Feb 10- The Doctors and staff were very nice, and we genuine got a feeling that they would do anything to help us. We all wished we’d have gone there much sooner. They performed procedures that the state run hospital wouldn’t have; they did a kidney dialysis among other things. There were a couple of good days in the last week in which Mom was up eating and talking, but for the most part she was so medicated and sick she was incoherent. I made 2 trips over to see her, and the last time her and I spoke was Monday Feb 17. I did get to tell her how much I loved her and how she was the world’s greatest mother.
She was very happy to have others to discuss options with on this group, and if she were here she’d have 2 things to say to all of you;
1. Don’t give up, ever, and good luck! Sometimes things are the way they are just because.
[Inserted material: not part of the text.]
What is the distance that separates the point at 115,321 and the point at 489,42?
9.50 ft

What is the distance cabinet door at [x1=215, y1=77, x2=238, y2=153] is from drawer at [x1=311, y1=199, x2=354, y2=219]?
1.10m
2. Please don’t take having blood in your urine lightly; if you have repeated problems get that bladder out of you ASAP. Even if you are unable to get a "neobladder", life is very managable with "the bag" and you get used to it quickly. Please don’t underestimate how quickly this cancer can spread, no matter how high the success rate is for those who catch it early. Mom caught it early, but still couldn’t shake it.
Mom passed away peacefully on Sunday morning, February 23rd, 2003. She was two weeks from her 36th wedding anniversary, and one month shy of 56 years of age. She is survived by 12 loving brothers and sisters, a 29 year old son (Shawn) and loving daughter (Molly – 32), a extremely devoted and loving husband since ’67 (Scott) and her only grandson, Anthony.